◆ **ACTION ITEM**:
An exact transcription is needed, starting at the line containing "Koton Kadın Tişört" and running through the last line of the records, with every picture left out.

Short descriptive text snippets:
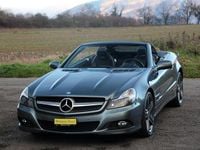 Gebraucht Mercedes SL350 316 PS (232 kW) 2010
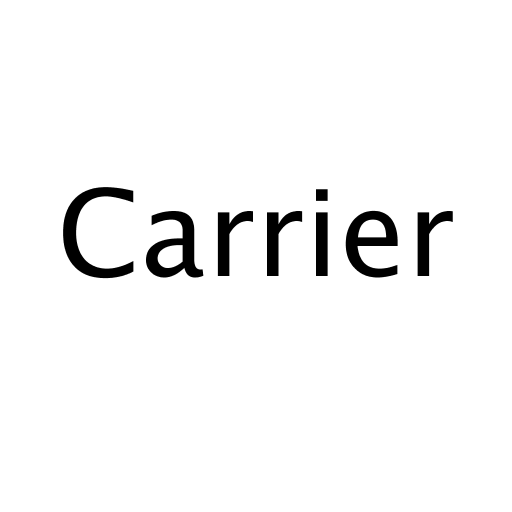 Логотип бренду Carrier
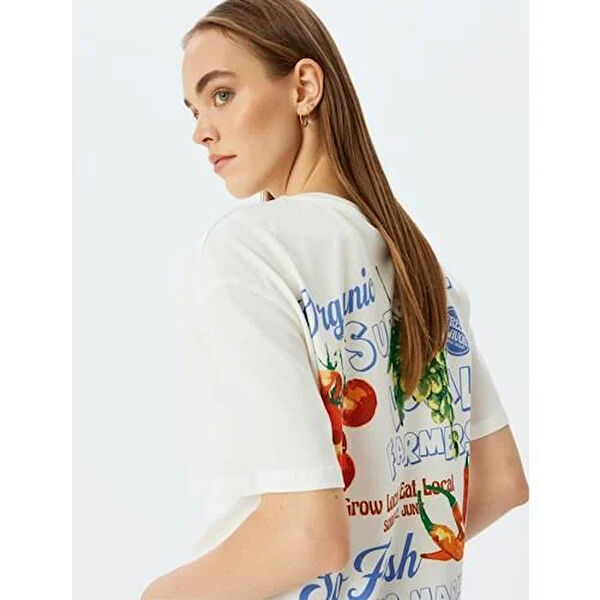 Koton Kadın Tişört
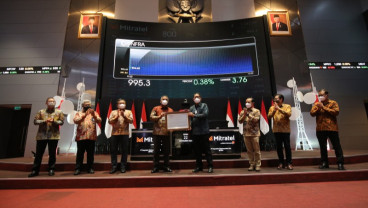   JARINGAN FIBER OPTIK    : MTEL Gandeng Telkom Akses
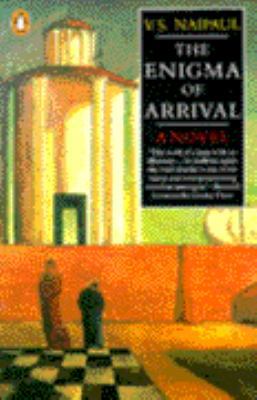 The Enigma of Arrival 0140098860 Book Cover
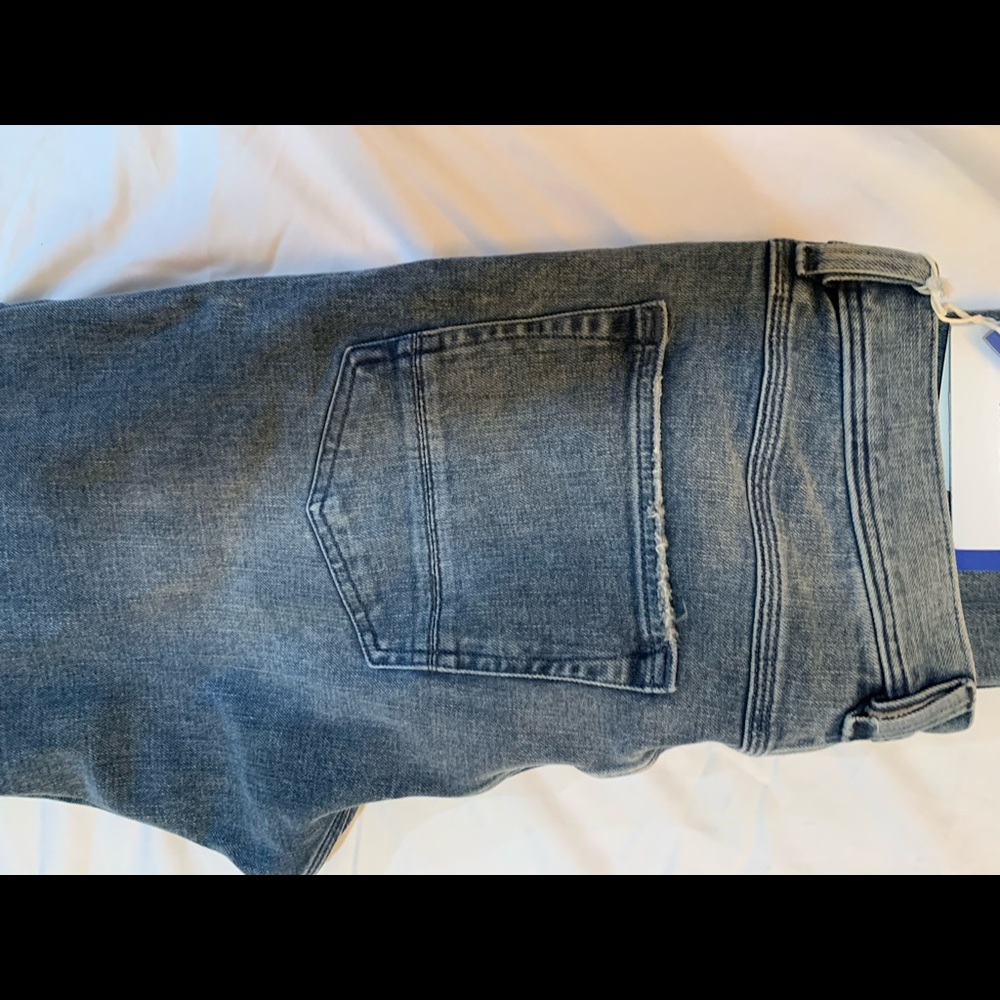 H&M slim jeans 33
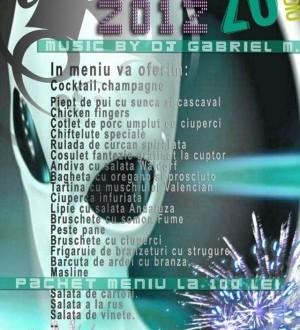 poze revelion 2012 in kado cafe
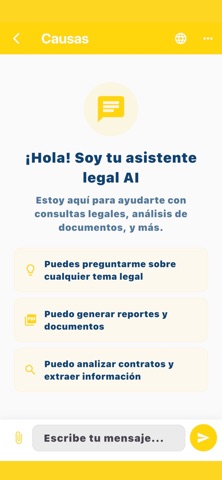 MiAbogado.com Screenshot 4 of 8
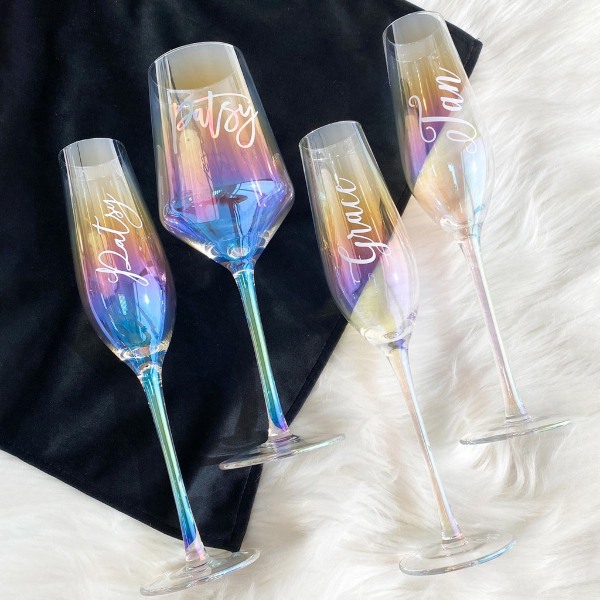 personalised wine glasses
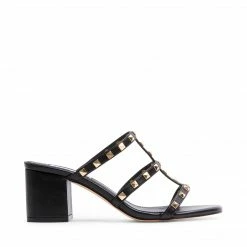 SteveMadden DALARY BLACK The Wedding Edit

◆ **SOLUTION BELOW**:
 Koton Kadın Tişört
   JARINGAN FIBER OPTIK    : MTEL Gandeng Telkom Akses
 The Enigma of Arrival 0140098860 Book Cover
 H&M slim jeans 33
 poze revelion 2012 in kado cafe
 MiAbogado.com Screenshot 4 of 8
 personalised wine glasses
 SteveMadden DALARY BLACK The Wedding Edit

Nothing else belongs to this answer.